My most recent experience with XFS is now about 17 years old. I don't know the current state of things, but back then it was notorious for data corruption on power loss: open files would become filled with zeroes (or have zero size, I don't remember exactly now) when power was cut. This is the reason why I never cared to use XFS since then. Ext4, OTOH, has always served me very well in every situation, and I can say that about its predecessors, ext2 and ext3, too.
I'd also not recommend a Debian based distro, except for maybe a modern Ubuntu. They usually use old packages and kernels, that make sense for a server (primarily for stability reasons), but not so much for a desktop.
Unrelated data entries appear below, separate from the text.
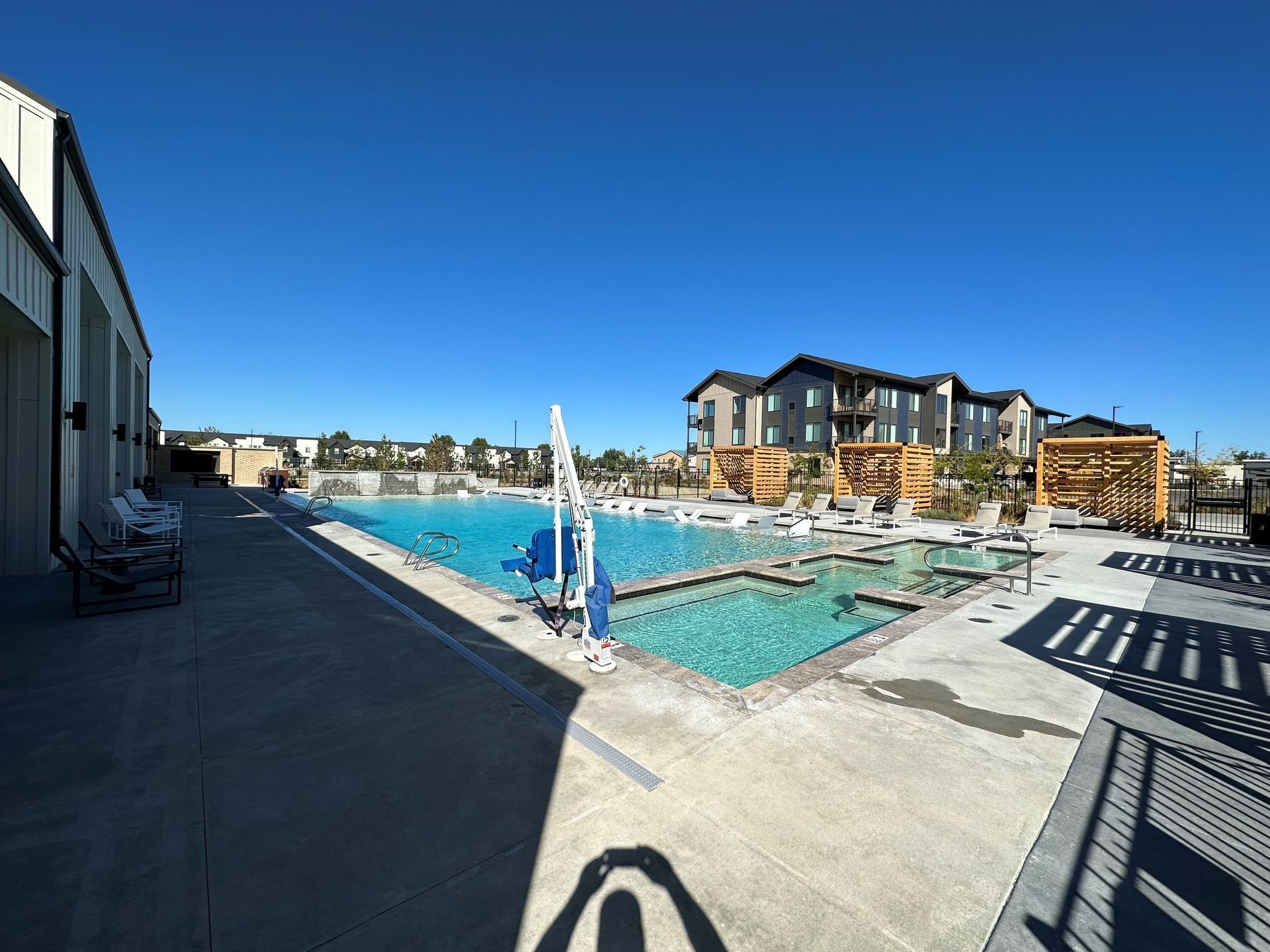 A large swimming pool is surrounded by chairs and a building.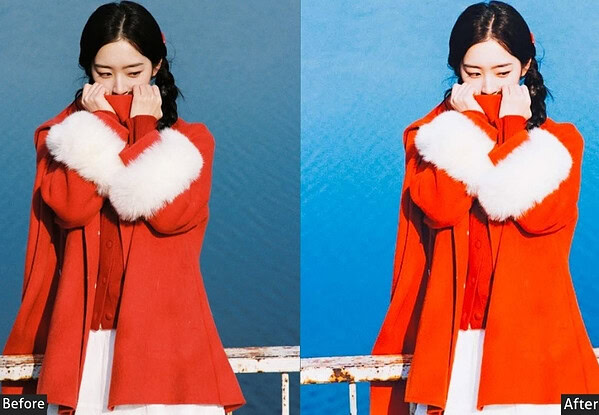Young woman in a red coat with white fur trim, covering her face with her hands, standing against a blue background, showcasing a before and after photo of photo editing.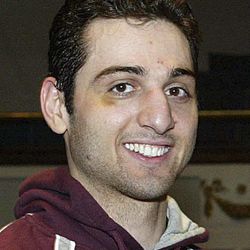 In this Feb. 17, 2010, photo, Tamerlan Tsarnaev, left, smiles after accepting the trophy for winning the 2010 New England Golden Gloves Championship from Dr. Joseph Downes, right, in Lowell, Mass. Tsarnaev, 26, who had been known to the FBI as Suspect No. 1 in the Boston Marathon Explosions and was seen in surveillance footage in a black baseball cap, was killed overnight on Friday, April 19, 2013, officials said. 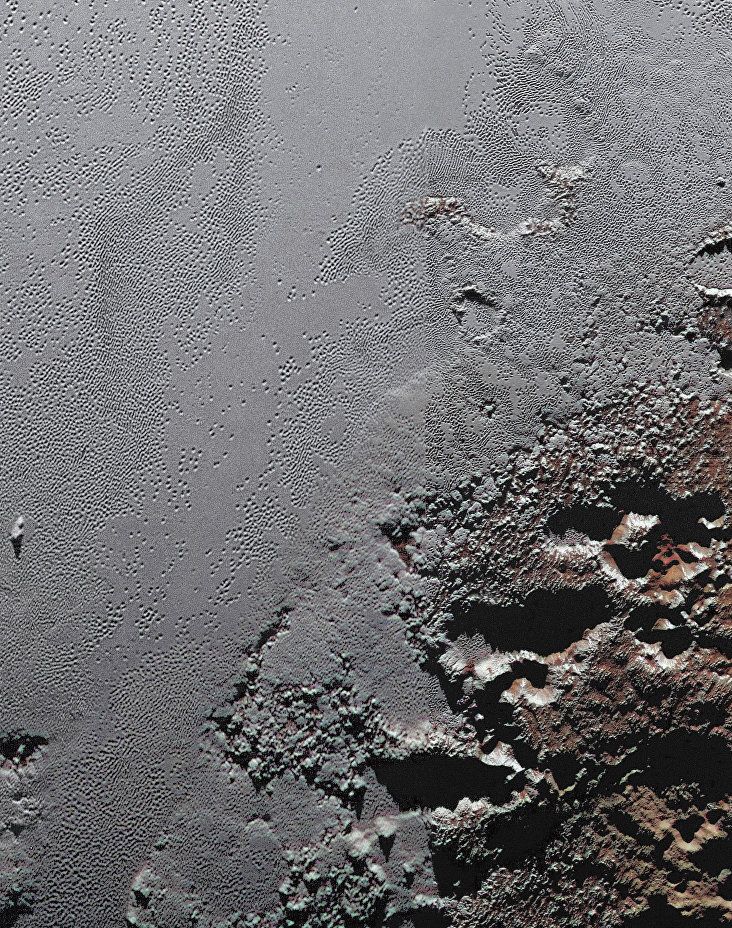 NASA показало горы и долины Плутона в цвете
This is true if we speak about the stable branch. In this case, yes, stable versions are released once in every several years, and the software often becomes way outdated by the next release.
However, the current testing branch (eventually to become the next stable release) is almost always good to go with for a desktop. It receives reasonably fresh updates, though not always the very latest ones, it rarely has any issues with package dependencies, and I see no problem recommending it for a general Linux user except maybe a very beginner one.
With a little more experience, adding sid (unstable) to your sources.list works well to have more recent packages when you need them, and then, one step further, you can add a
deb-src entry for the experimental branch to download the very latest versions of source packages for what you need and build them on your local system to have the respective dependencies.
RedHat/OpenSuse or Arch based distros are usually better at having up-to-date packages / compiler tool chains. NixOS is an interesting option too.
RedHat (as well as RHEL and CentOS) has always been the most painful thing in the world for me when it came to updating packages. The infamous "RPM hell". But that was a long time ago.
I started with RedHat, but then got fed up and converted it to Debian (live, by replacing RPM binary packages with debs one by one, imagine that!) for that very reason.
Did you mean Fedora? That one's supposed to be more flexible, I think, but I've never used it.